Click the Original, Code and Reconstruction tabs to read about the issues and how they were fixed.

Original


Source: https://howmuch.net/articles/insurance-companies-ranking-by-direct-premiums-written-in-the-US.


Objective

This visualization is primarily covering U.S. insurance market with objective to compare various insurance sector across their top 10 companies and to analyze if ranking is based on direct premiums written.

The visualization chosen had the following three main issues:

  • Issue 1 - Data integrity issue. As per title, visualization should have 7 different Insurance sector visualized however there were only 6 insurance sector visualized.
  • Issue 2 - X and Y axis is not clearly defined.
  • Issue 3 - A lot of information to scan through and understand the graph. 2 Legends to scan across 7 sector and their top 10 companies. This is causing lot of eye movement between the data and legend, that interrupt the interpretation process.

Reference

Code

The following code was used to fix the issues identified in the original.

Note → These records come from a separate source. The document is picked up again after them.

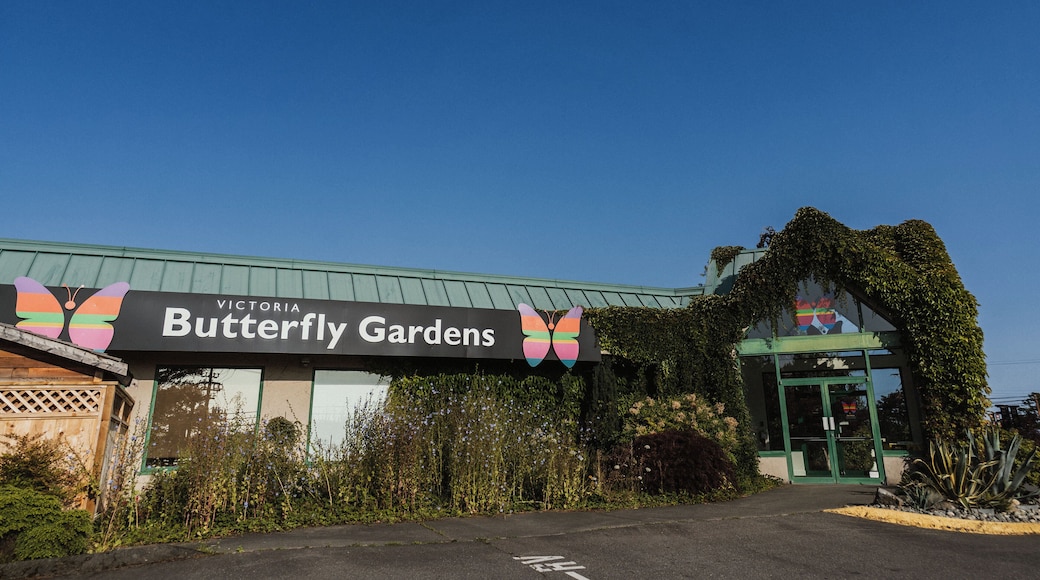 维多利亚蝴蝶花园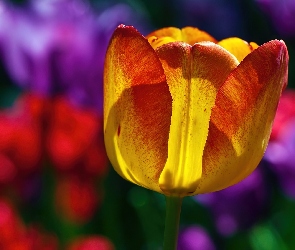 Kolorowe, Tło, Tulipan
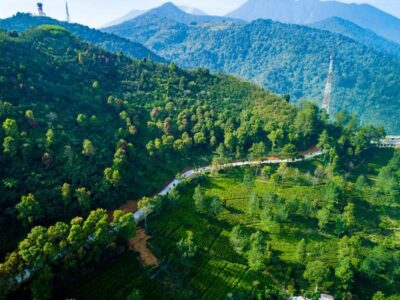 From Jakarta: Safari Park, Tea Plantation & Jaksa Waterfall - Taman Safari Bogor: Big Animals, Shows, and the Baby-Animal Close-Ups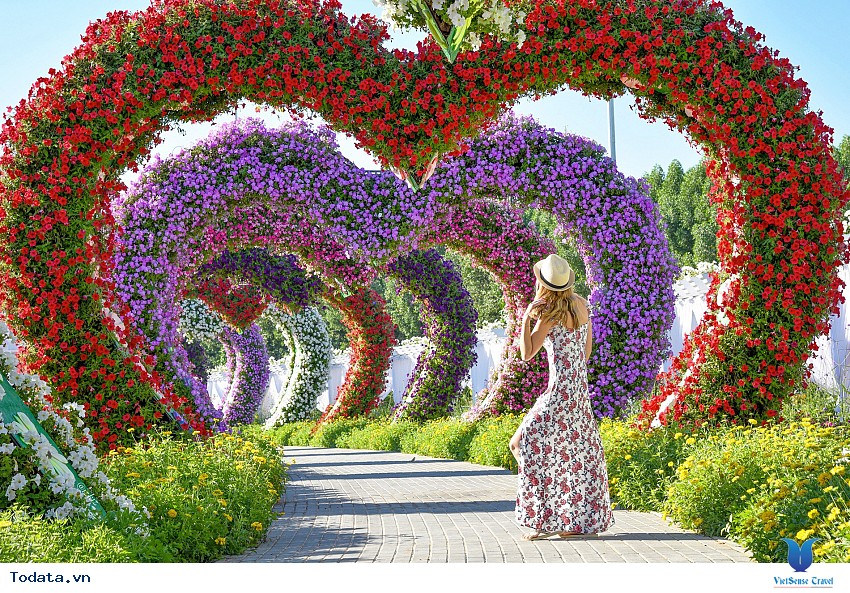 Miracle Garden- Viên Ngọc Trai Của Sa Mạc Hình ảnh 4 Miracle Garden- Viên Ngọc Trai Của Sa Mạc Hình ảnh 4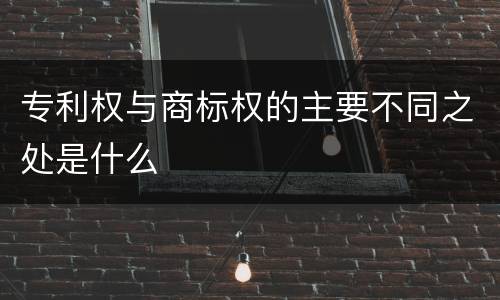 专利权与商标权的主要不同之处是什么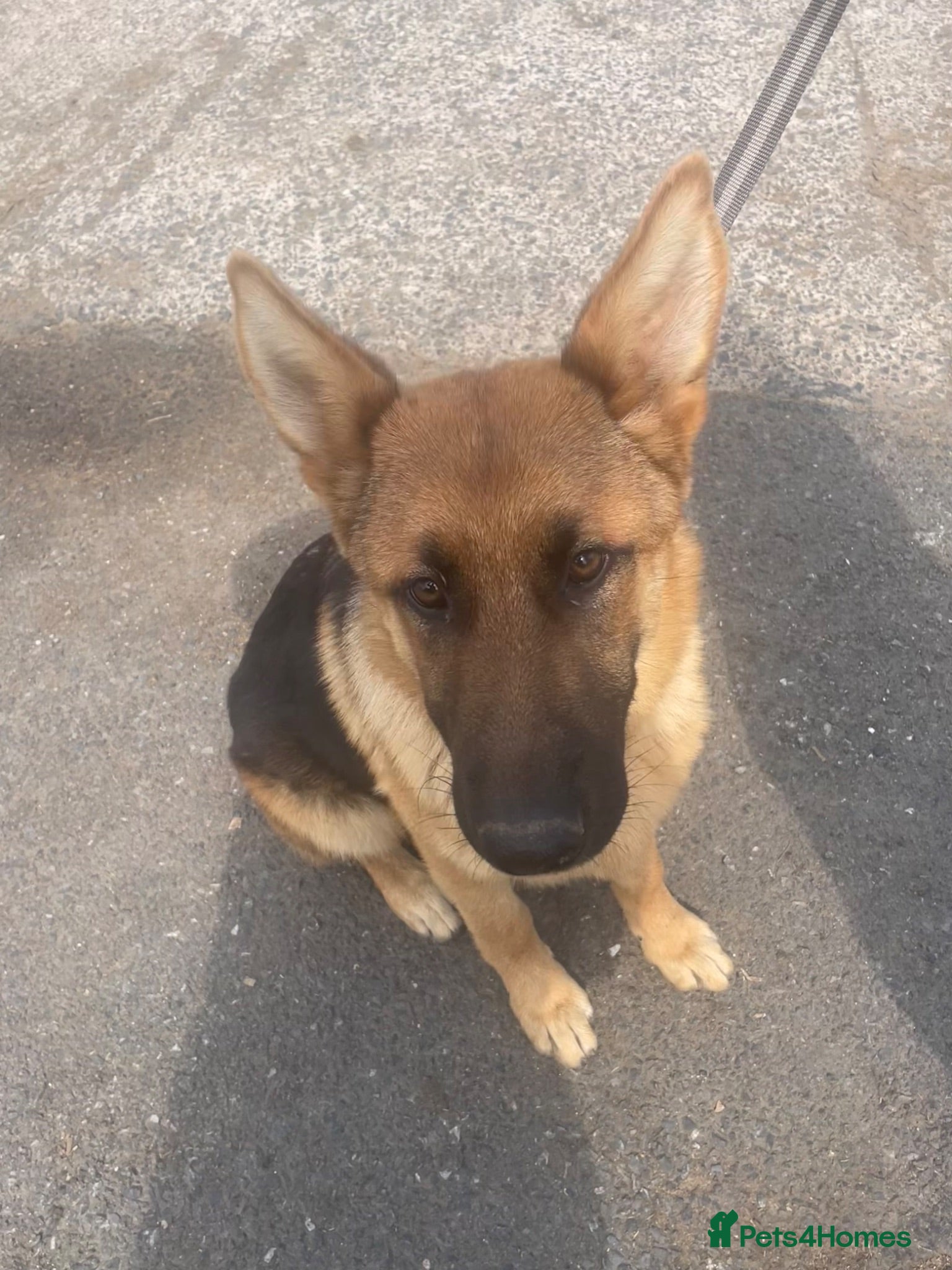 German Shepherd dogs 2 gorgeous boys looking for new home - Advert 4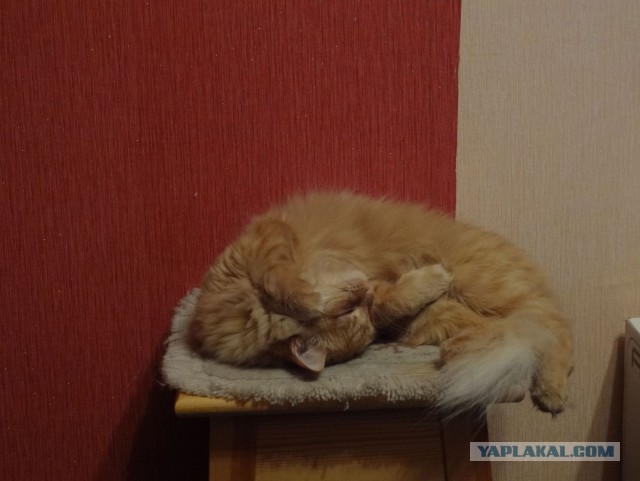 Котовторник 28.10.2014
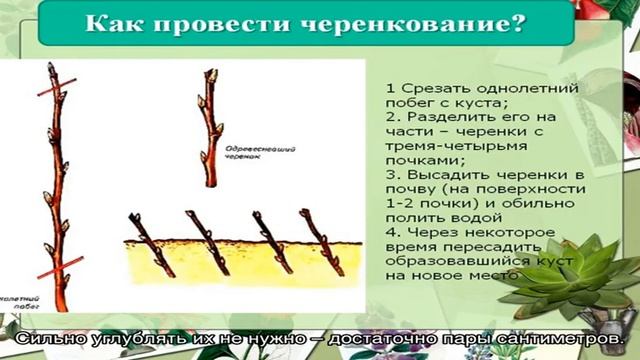 Как размножить липу черенками — легкий и быстрый способ получить много саженцев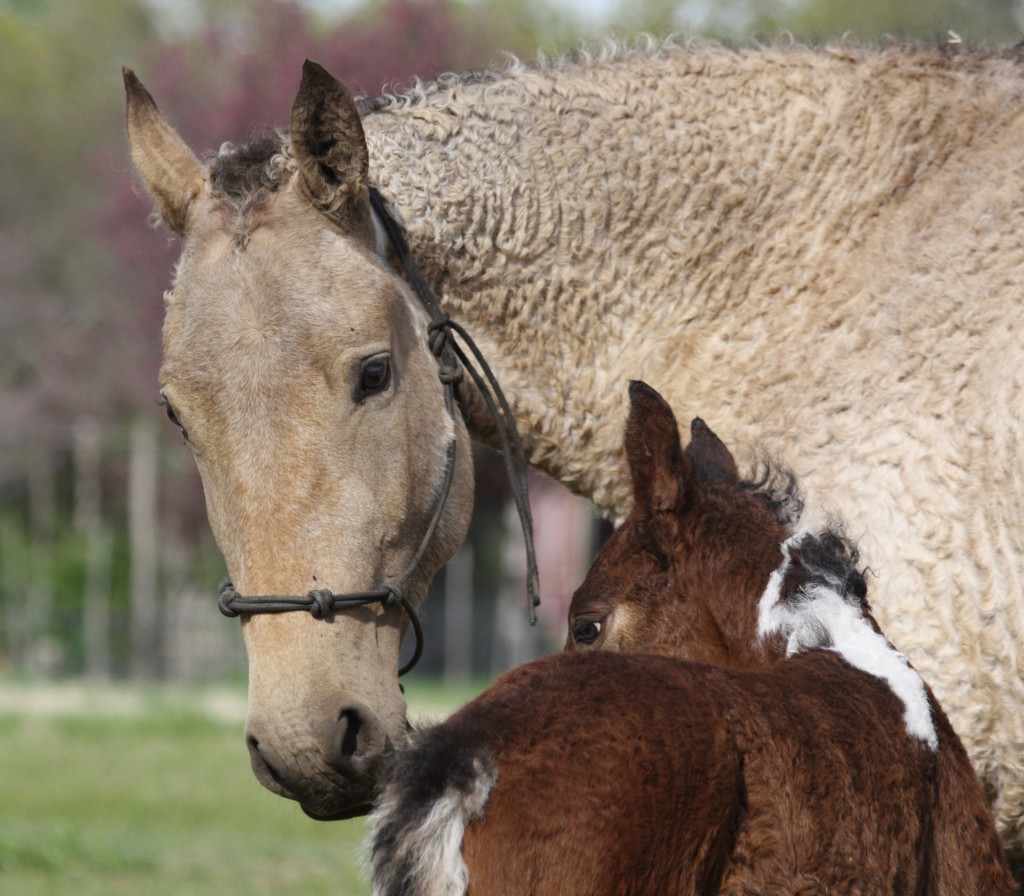 Le Curly, North American Curly Horse ou American Bashkir Curly, un cheval hypoallergénique  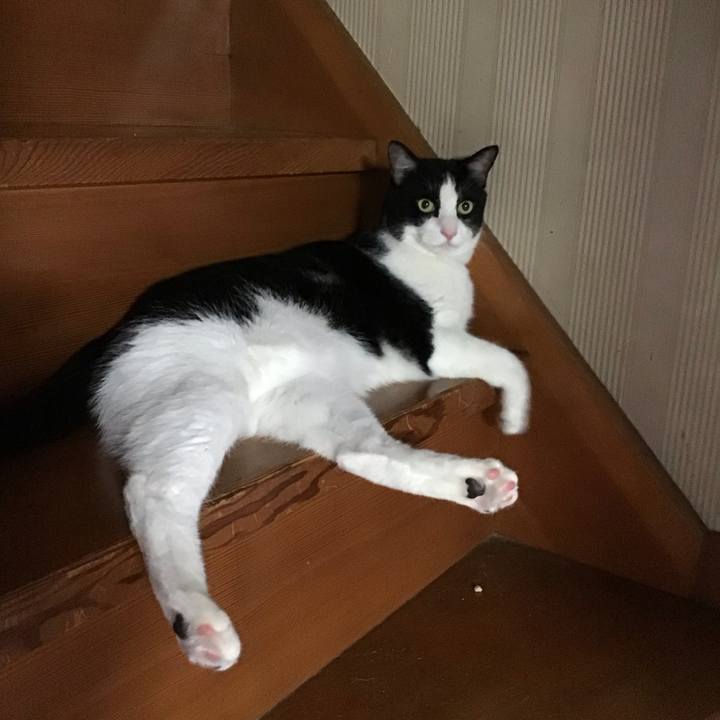 0707f833 e10e 4cf0 9e03 4cdfafaa7b24 1725865612799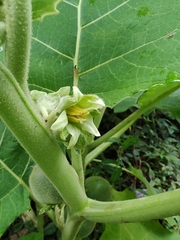 Solanum sessiliflorum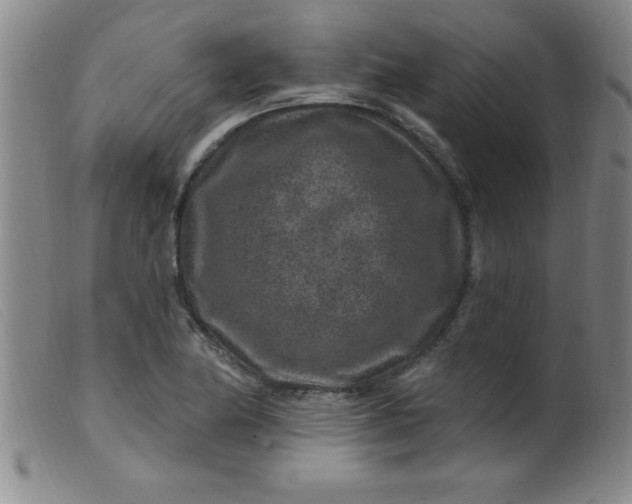 X0000099481174200805231848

#install.packages("tidytext") #facet reordering

library(dplyr)    # # Install and load this package to filter data 
library(readr)    # For reading datasets in other formats 
library(magrittr) # For pipes 
library(here)     # For sensible file paths in the project folder 
library(ggplot2)  # For plotting 
library(scales)
library("RColorBrewer")  # Load RColorBrewer
library(tidytext)

#import the data
insurancedata <- read_csv(here( "insurancedata.csv"))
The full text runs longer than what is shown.